## WHAT IS NEEDED
Below is a listing; transcribe it exactly but without any images.
--- PROVIDED MATERIAL Enclosed Below ---
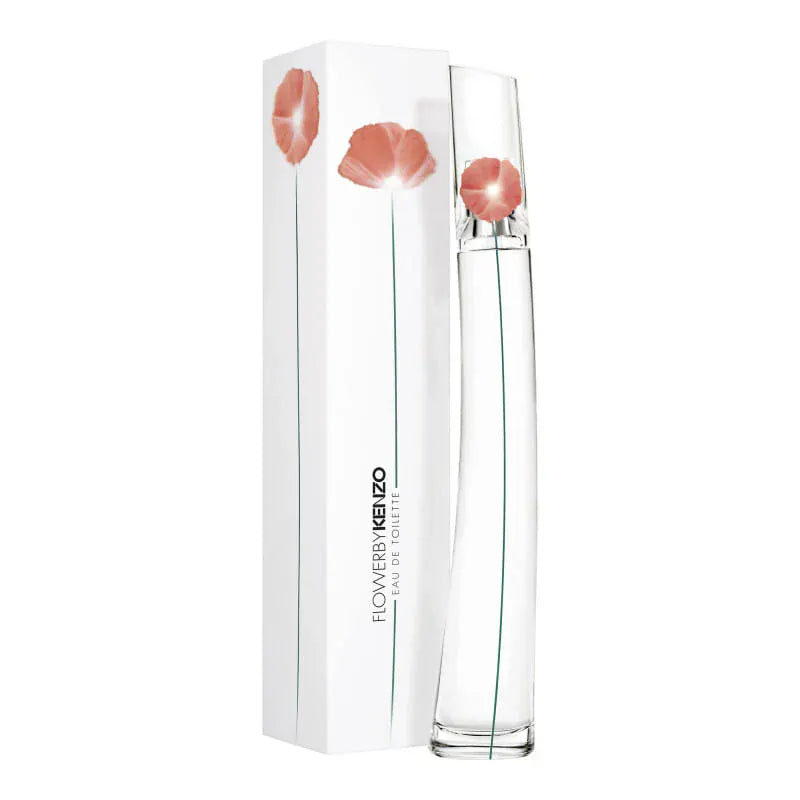 Kenzo Flower Perfume Women's Perfume/cologne For Women Eau De Toilette 1.7 oz / 3.3 oz Edt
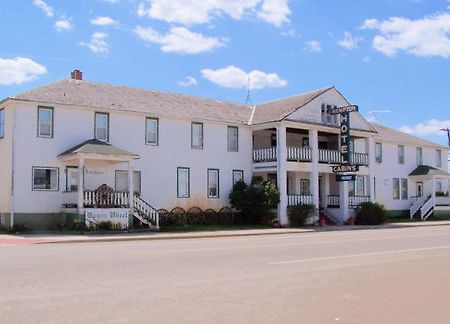 Kempton Hotel Terry Zewnętrze zdjęcie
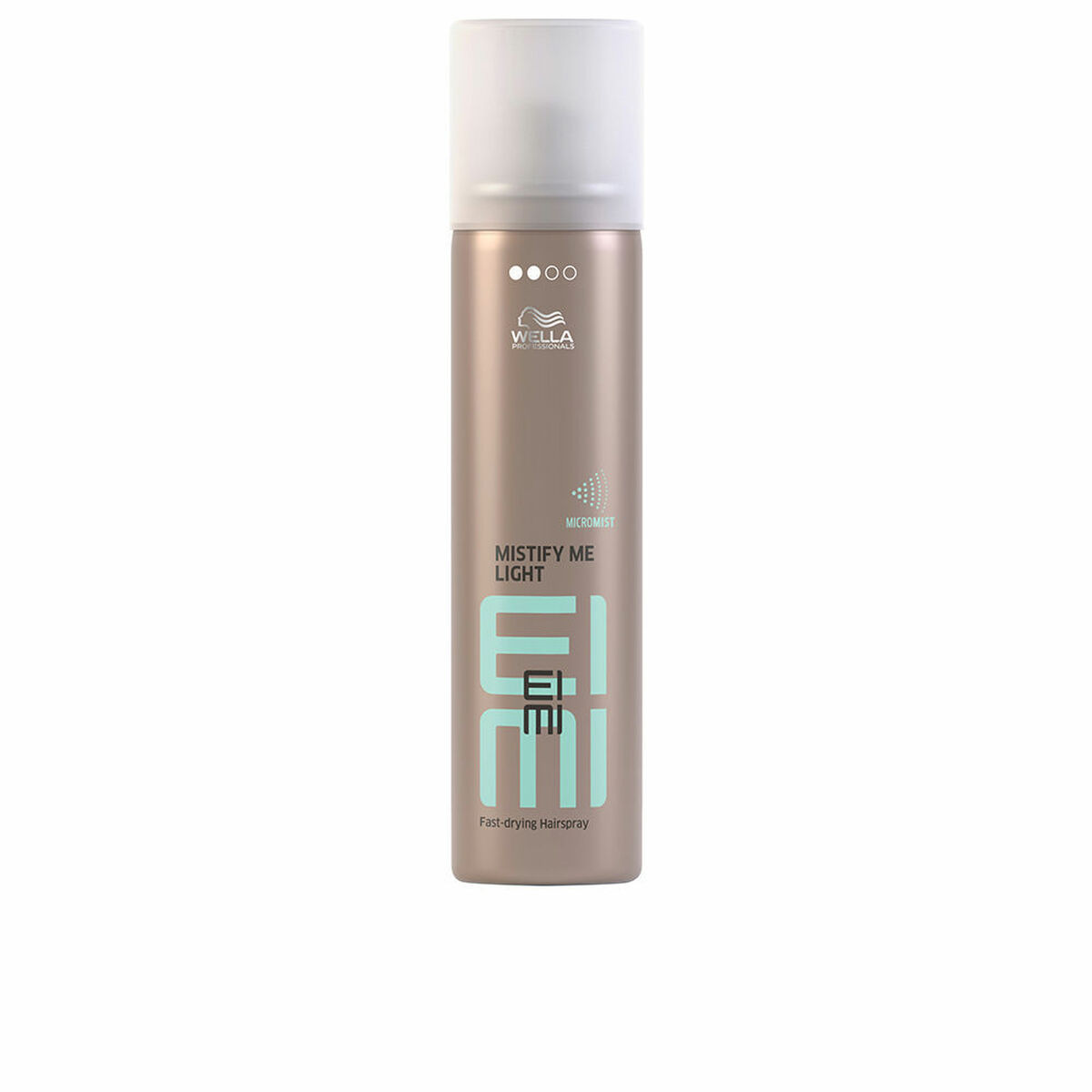 Hårparfym Wella Eimi 75 ml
--- End of Enclosed PROVIDED MATERIAL ---
## TASK SOLUTION
 Kenzo Flower Perfume Women's Perfume/cologne For Women Eau De Toilette 1.7 oz / 3.3 oz Edt
 Kempton Hotel Terry Zewnętrze zdjęcie
 Hårparfym Wella Eimi 75 ml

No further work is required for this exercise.